Common issues

Common issues are easily resolved by internal logs to identify typical symptoms, finding the corresponding description of the symptom below, and then following the suggested remediation steps.

This section falls into the following categories:

Startup error

You may receive this error message in the log file when NXLog fails to start (line break added):

nxlog failed to start: Invalid keyword: ÿþ# at \
C:\Program Files (x86)\nxlog\conf\nxlog.conf:1

This issue occurs because the NXLog configuration file has been saved in either UTF-16 text encoding, or UTF-8 text encoding with a BOM header.

Open the configuration file in a text editor and save it using ASCII encoding or plain UTF-8.

On Windows, you can use Notepad to correct the text encoding of this file.

Access errors

This section discusses errors which are generated on Linux while reading log data from files and Event Log data on Microsoft Windows. Both types of errors are caused by the lack of permissions.

Additionally, the internal log file can be used by another application which may cause access problems trying to read its contents.

Permission-related error on Linux

When configured to read from a file in the /var/log directory on Linux, NXLog may log the following error:

ERROR failed to open /var/log/messages;Permission denied

This error occurs because NXLog does not have permission to read the file with the configured User and Group. See the Reading Rsyslog log files for more information about using NXLog to read files from the /var/log directory.

Permission error of Windows Event Log

When collecting events from the Windows Event Log, the user running NXLog may not have sufficient permissions to access certain channels. When NXLog is running as a service, this applies to the user that the service is configured to run as. In this case, the NXLog log file shows errors such as:

WARNING [im_msvistalog|windows] failed to subscribe to msvistalog events,access denied [error code: 5]: Access is denied.
WARNING [im_msvistalog|windows] Invalid channel: 'Security': Access is denied.

or

WARNING [im_msvistalog|windows] ignoring source as it cannot be subscribed to (error code: 5)

When this error occurs, the user needs to be granted access to read the specified channel. For default Event Log channels, it is usually sufficient to add the user to the built-in Event Log Readers group by following these steps:

  1. Open the Computer Management MMC snap-in by going to the Windows Start menu, type compmgmt.msc and press Enter.

  2. Expand System Tools > Local Users and Groups > Groups.

  3. Double-click on the Event Log Readers group and add the NXLog user to it.

If the error persists, permission needs to be granted using Group Policy for the default Windows Event Log channels or the Windows Registry for other channels. Permissions are specified using the Security Descriptor Definition Language (SDDL).
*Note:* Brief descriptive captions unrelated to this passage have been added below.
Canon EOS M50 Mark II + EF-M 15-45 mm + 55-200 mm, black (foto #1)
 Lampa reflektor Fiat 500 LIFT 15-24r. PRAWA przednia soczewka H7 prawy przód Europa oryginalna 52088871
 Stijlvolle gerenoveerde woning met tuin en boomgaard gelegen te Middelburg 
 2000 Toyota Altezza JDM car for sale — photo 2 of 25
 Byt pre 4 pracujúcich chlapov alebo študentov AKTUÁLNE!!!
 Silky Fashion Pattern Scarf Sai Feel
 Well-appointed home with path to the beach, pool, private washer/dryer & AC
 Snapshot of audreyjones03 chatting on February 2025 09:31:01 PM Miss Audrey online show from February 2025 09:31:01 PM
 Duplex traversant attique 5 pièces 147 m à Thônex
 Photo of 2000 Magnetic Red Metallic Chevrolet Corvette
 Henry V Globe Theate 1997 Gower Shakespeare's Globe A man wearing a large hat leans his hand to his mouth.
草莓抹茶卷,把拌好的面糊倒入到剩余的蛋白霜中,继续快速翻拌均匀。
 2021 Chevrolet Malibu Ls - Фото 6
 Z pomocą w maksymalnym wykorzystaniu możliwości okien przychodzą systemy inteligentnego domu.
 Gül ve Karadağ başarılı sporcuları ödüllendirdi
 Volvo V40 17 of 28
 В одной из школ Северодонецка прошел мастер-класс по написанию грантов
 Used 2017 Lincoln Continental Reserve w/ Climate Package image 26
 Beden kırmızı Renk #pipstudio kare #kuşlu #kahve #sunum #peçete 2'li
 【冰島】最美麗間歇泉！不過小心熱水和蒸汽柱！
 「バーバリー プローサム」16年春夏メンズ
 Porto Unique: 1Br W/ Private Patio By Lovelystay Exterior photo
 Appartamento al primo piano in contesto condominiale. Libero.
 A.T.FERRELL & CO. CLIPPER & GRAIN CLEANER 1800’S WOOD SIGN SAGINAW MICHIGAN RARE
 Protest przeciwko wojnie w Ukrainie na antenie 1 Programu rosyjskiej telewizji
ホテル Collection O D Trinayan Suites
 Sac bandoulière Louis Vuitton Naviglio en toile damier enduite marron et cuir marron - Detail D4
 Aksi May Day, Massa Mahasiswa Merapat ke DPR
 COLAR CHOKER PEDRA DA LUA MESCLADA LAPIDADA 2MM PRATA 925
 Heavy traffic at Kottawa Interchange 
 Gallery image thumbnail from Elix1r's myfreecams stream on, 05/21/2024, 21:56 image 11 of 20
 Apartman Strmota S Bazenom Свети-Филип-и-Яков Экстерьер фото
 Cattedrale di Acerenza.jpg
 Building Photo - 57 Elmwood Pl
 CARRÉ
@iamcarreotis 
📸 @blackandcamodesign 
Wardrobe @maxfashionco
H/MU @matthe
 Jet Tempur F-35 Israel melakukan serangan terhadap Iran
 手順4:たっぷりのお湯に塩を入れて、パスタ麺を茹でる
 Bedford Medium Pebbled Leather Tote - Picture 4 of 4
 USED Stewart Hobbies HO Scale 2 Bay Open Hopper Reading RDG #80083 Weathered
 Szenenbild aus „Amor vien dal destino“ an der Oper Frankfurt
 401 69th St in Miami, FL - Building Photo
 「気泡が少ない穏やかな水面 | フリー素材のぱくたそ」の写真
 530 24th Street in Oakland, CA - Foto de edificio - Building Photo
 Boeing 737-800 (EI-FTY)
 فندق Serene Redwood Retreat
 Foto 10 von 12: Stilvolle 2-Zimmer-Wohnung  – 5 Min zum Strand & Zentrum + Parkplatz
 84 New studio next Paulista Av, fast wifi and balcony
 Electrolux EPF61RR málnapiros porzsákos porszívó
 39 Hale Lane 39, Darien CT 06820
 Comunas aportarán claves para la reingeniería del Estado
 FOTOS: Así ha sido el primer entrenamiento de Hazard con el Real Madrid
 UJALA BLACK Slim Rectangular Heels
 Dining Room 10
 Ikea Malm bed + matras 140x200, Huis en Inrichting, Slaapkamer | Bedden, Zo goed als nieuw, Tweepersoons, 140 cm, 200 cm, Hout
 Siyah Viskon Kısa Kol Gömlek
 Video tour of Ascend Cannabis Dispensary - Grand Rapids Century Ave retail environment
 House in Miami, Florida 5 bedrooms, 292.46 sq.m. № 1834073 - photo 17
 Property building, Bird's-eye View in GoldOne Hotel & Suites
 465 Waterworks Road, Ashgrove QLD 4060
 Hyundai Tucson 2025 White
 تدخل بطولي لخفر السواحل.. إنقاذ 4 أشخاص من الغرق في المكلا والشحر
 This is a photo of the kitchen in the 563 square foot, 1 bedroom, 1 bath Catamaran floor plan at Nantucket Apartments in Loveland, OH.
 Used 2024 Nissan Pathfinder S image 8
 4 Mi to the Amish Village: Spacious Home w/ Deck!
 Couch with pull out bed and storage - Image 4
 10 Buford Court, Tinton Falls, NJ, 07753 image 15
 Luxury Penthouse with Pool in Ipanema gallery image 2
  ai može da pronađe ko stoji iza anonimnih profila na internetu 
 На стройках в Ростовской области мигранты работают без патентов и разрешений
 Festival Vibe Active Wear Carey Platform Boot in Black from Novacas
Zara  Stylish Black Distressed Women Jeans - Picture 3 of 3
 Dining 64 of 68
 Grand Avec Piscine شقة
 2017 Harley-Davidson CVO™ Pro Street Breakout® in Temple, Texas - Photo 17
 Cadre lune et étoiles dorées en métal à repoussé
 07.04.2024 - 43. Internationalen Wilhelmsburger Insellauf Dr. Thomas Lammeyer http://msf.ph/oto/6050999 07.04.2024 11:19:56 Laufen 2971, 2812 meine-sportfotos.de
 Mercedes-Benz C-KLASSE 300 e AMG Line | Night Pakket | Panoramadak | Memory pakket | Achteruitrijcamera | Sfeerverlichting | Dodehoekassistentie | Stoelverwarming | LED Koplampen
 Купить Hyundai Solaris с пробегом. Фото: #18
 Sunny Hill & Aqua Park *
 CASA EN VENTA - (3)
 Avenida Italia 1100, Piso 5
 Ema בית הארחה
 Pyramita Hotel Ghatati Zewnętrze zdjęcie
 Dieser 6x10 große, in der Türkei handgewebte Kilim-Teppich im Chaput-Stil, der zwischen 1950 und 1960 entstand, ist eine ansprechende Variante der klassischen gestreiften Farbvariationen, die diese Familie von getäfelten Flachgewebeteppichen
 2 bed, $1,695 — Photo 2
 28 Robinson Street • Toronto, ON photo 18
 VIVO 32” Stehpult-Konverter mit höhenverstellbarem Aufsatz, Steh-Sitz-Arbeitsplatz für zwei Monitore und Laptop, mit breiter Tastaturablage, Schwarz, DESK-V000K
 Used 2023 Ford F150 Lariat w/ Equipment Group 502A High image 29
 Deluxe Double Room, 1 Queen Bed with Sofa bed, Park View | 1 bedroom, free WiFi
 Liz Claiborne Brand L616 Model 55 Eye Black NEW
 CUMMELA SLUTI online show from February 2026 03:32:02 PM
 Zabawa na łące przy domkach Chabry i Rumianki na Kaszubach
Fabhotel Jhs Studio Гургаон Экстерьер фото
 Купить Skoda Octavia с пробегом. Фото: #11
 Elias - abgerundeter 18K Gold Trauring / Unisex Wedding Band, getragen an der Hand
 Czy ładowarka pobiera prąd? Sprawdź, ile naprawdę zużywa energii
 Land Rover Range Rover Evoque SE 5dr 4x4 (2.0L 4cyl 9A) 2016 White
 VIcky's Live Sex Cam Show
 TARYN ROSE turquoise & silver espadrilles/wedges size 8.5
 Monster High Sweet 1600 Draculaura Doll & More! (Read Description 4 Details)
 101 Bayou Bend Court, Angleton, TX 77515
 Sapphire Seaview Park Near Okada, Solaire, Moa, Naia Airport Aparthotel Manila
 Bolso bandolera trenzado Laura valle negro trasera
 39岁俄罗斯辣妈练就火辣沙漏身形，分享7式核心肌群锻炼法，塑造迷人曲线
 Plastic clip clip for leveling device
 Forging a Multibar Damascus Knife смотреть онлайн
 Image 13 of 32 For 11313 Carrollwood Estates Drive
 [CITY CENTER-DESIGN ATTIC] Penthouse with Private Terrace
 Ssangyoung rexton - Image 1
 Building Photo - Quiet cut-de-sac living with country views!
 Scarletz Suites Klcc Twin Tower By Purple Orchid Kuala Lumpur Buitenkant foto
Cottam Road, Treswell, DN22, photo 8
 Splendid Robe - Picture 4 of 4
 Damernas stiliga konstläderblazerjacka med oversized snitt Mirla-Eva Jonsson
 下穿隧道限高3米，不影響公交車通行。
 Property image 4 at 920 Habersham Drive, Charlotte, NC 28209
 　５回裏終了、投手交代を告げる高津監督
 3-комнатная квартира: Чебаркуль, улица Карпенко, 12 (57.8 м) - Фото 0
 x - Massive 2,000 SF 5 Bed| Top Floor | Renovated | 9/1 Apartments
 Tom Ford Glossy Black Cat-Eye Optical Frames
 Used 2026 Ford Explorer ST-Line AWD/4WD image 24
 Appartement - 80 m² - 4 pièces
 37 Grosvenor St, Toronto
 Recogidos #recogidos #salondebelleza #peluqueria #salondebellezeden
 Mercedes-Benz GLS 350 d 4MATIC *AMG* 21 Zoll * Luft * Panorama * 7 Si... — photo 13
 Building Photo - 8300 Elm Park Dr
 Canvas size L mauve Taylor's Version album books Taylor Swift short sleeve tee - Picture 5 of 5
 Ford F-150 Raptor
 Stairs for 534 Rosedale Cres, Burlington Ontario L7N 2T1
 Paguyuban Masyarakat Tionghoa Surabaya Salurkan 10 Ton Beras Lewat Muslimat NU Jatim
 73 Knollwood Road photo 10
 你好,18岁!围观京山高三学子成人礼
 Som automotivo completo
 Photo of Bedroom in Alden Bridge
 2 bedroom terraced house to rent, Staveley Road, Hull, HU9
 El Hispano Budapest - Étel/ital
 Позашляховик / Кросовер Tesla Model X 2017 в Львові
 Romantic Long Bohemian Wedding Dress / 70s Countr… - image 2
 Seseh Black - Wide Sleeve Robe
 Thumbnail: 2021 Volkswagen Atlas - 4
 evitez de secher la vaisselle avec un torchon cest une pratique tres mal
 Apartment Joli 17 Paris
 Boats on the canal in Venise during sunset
  1. The first step is to retrieve the SID of the NXLog user. From a command prompt, run the following command:

    > wmic useraccount where name='<username>' get sid
  2. For default Windows Event Log channels:

    1. Open command prompt with an admin user and run the following command afer replacing <channel_name> with the actual channel name.

      > wevtutil gl <channel_name>

      In this example, the security channel was chosen:

    2. Take note of the channelAccess value.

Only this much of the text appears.